§ **Data items**:
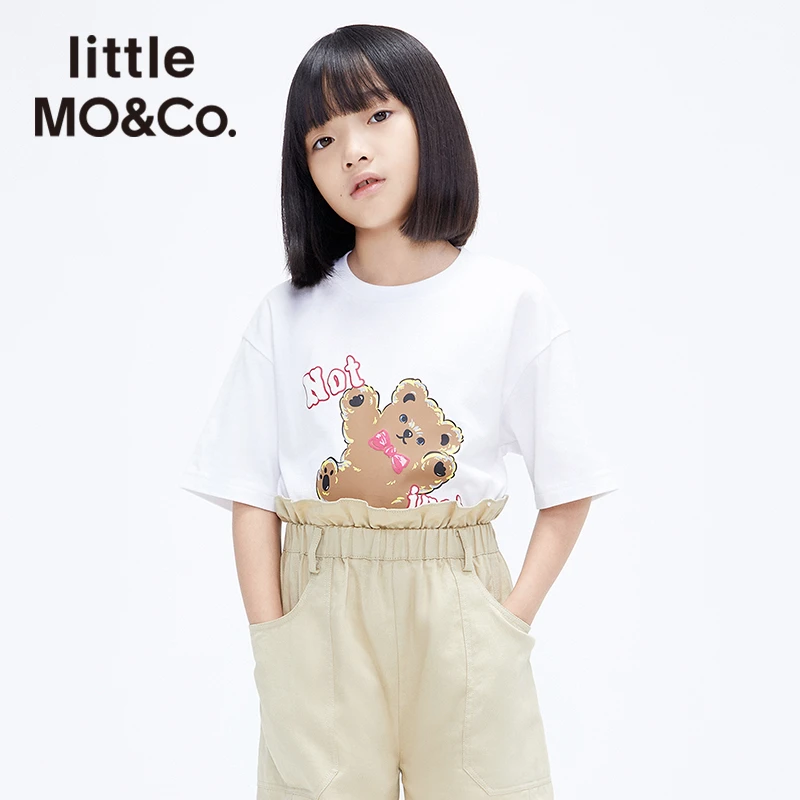 littlemoco童装夏季男女童小熊印花短袖T恤宽松上衣#KBA2TEE037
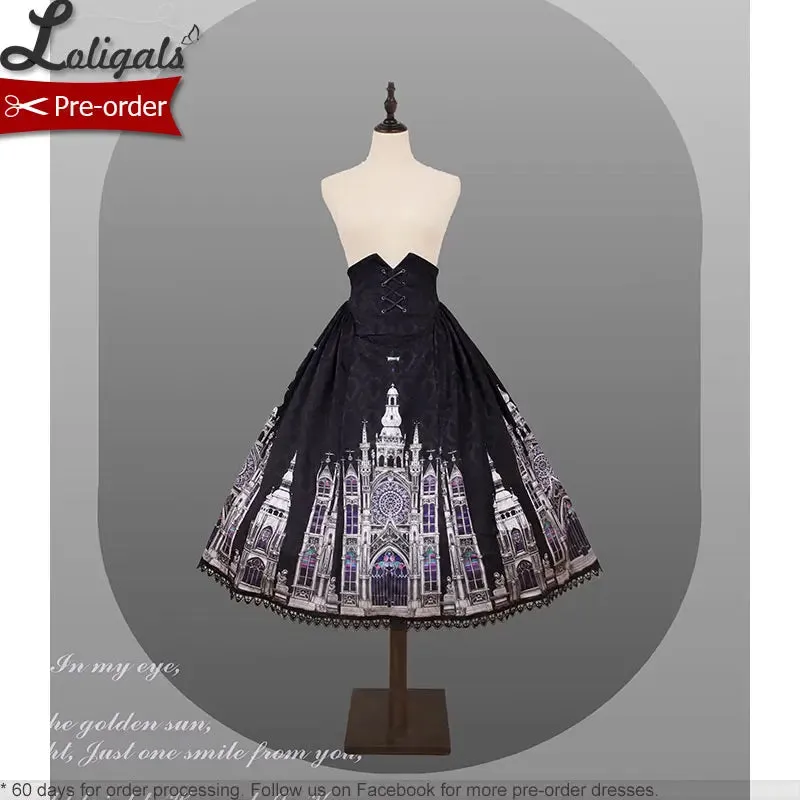 Pre-order Gothic Lolita Skirt Long Printed A-line Skirt by Alice Girl ~ Cross & Church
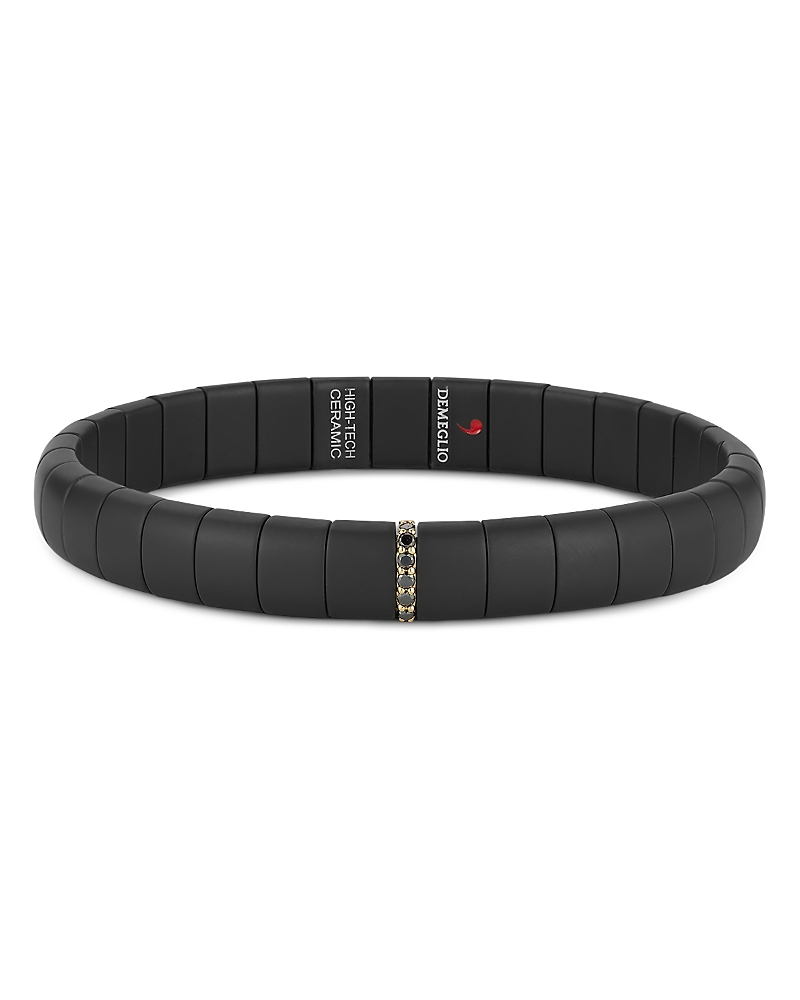 Demeglio Demeglio 18K Yellow Gold Pura Black Diamond Matte Ceramic Stretch Bracelet, 0.11 tcw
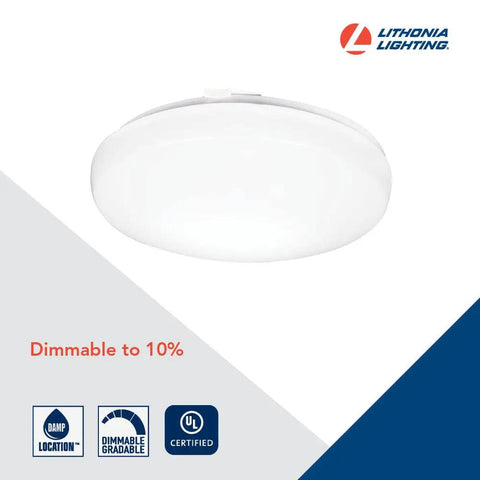 14 Inch Round LED Flush Mount Ceiling Light, Low Profile Modern Fixture With Dimmable 4000K Cool White, shown from side view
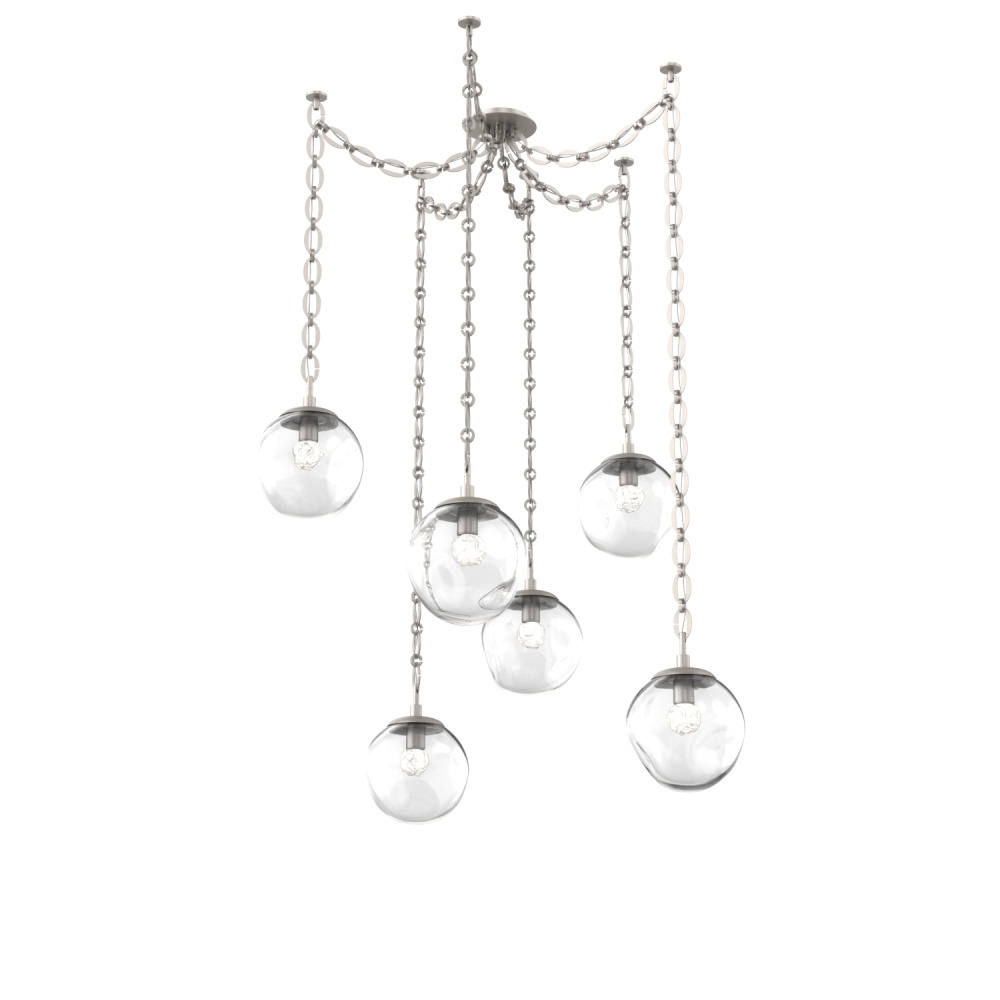 Aster LED Multi Light Pendant Multi Port Canopy Beige Silver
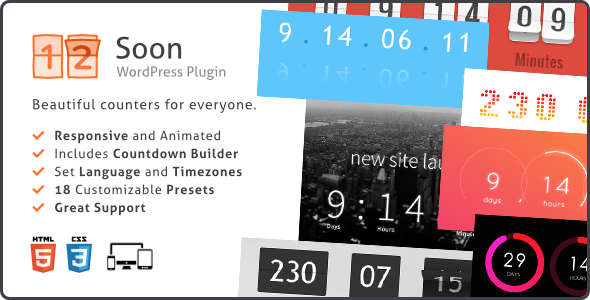 Soon Countdown Builder, Responsive WordPress Plugin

§ **Activity**: Leave every picture out and return exactly the lines from the one holding "Aster LED Multi" through the end of the records above, both ends included, and nothing more.

§ **The answer**:
 Aster LED Multi Light Pendant Multi Port Canopy Beige Silver
 Soon Countdown Builder, Responsive WordPress Plugin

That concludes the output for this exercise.